# Dans And Brew Dog Beers



## mikem108 (1/10/10)

My Dan Murphy's has Punk IPA and Trashy Blonde for quite a reasonable 4 pack price of around $14, might be available at other stores, hope they get the 5am Saint


----------



## Stuster (1/10/10)

1st liquor also had it, but I seem to remember it was a little more than that price.

Not too happy with the condition of the beers though. The Trashy blonde was butter central and the IPA was a bit lacking in the hop department.


----------



## Aus_Rider_22 (1/10/10)

Good to hear. Hope they extend the lines. 

Boutique bottleshop that just opened up here stocks the 77 Lager which isn't a bad drop. I know the manager quite well and when he gets back from holidays I am going to ask him about 5am Saint and the other beers from them!


----------



## .DJ. (1/10/10)

Stuster said:


> 1st liquor also had it, but I seem to remember it was a little more than that price.
> 
> Not too happy with the condition of the beers though. The Trashy blonde was butter central and the IPA was a bit lacking in the hop department.

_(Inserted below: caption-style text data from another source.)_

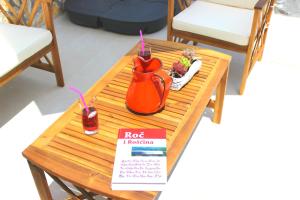 a table with a red jug and a drink on it at Holiday Home Deni in Roč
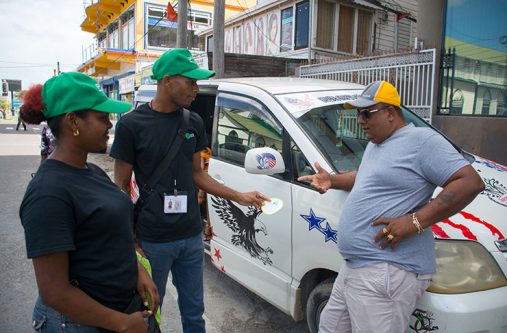 Staff of SCS yesterday explaining to one motorist on Camp Street why a sticker was placed on his windscreen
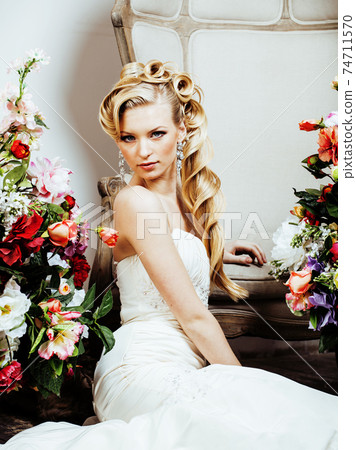 beauty emotional blond bride in luxury interior dreaming, crazy complicate hairstyle, many flowers beauty emotional blond bride in luxury interior dreaming, crazy complicate hairstyle, many flowers 74711570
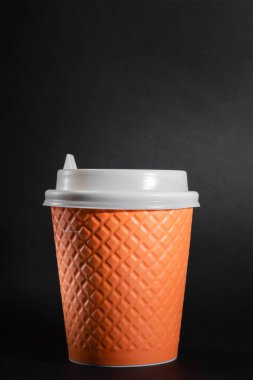 Siyah arka plan kahve fincanı, tek kullanımlık turuncu bardak.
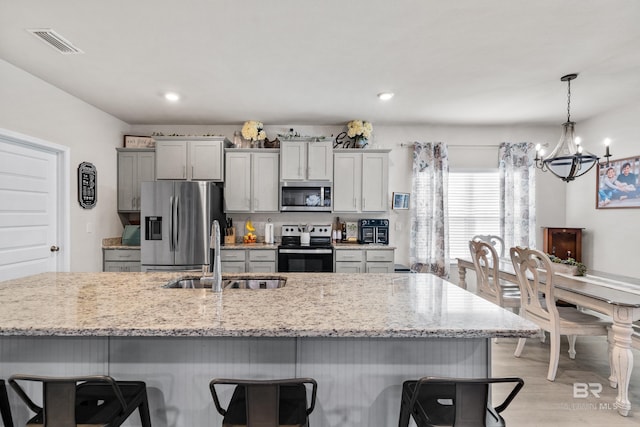 kitchen with stainless steel appliances, visible vents, a sink, and a kitchen bar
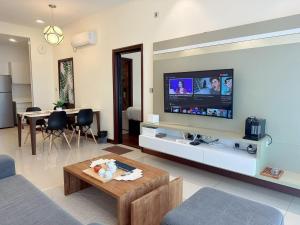 een woonkamer met een flatscreen-tv aan de muur bij Paragon Suites Holiday Short gateway Jacuzzi CIQ in Johor Bahru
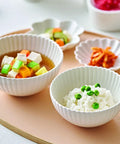 White ribbed ceramic bowls arranged on a peach-colored tray, containing a vegetable tofu soup and white rice with green peas, with small side dishes in the background.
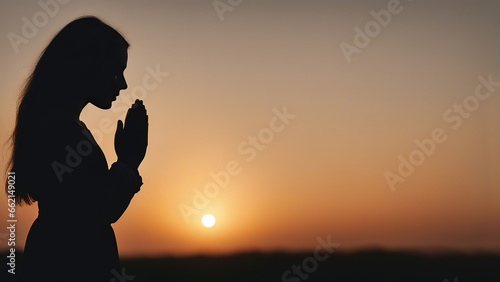 Silhouette of a praying girl with folded palms at sunset photo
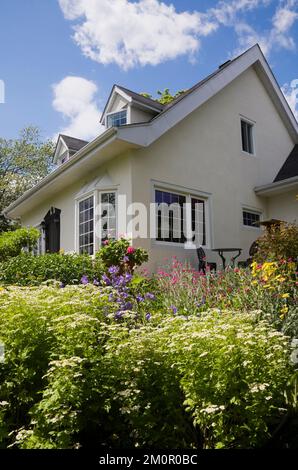 Maison de style Canadiana de style manoir français à deux étages des années 1950 avec bordure noire et jardin paysager en été. Banque D'Images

Agree on the IPA I bought from Dans last week... Nil hop aroma...


----------



## BitterBulldog (11/10/10)

Tried the punk ipa on the weekend - the aroma was good once it warmed up a bit!
It was quite nice! I've only just polished off my Icon 2ipa cube though, so didn't enjoy it nearly as much as that!

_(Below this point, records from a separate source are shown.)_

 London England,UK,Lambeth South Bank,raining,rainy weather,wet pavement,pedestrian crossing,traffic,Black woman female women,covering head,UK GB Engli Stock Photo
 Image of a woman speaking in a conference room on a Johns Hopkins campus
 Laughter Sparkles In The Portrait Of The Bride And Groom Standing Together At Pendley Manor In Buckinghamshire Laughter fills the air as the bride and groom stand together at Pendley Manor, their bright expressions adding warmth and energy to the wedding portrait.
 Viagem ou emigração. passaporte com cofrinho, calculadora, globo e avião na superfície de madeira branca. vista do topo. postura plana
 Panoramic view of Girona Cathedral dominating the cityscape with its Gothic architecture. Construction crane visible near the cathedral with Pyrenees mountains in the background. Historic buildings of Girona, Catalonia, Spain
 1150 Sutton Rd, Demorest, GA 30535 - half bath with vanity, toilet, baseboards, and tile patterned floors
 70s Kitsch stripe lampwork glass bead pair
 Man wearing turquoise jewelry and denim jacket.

It did delved in the bitterness department for me though!
You could follow it up with a glass of water & it'd taste like an American pale- there was that much hops on the tongue afterwards 

Will def try it the lager soon.


----------



## Noxious (26/10/10)

Just tried the Punk IPA, out of the three types on offer (trashy blonde and the pilsner) it seemed the best fit for me.
Thought I would search on here to see what others thought about it because although I enjoyed the beer in terms of the light-ish malt profile and bitterness, however mine also had very little hop aroma. Little bit expensive too at $18/4pack.
Will try their other beers though one day :icon_cheers:


----------



## mwd (9/11/10)

Found some Punk IPA today in our local Dan's. Not much in the way of aroma but I like the bitterness. Seemed to be a very sessionable beer considering its strength. I guess my beer search is on to sample more of the hoppy IPAs out there.


----------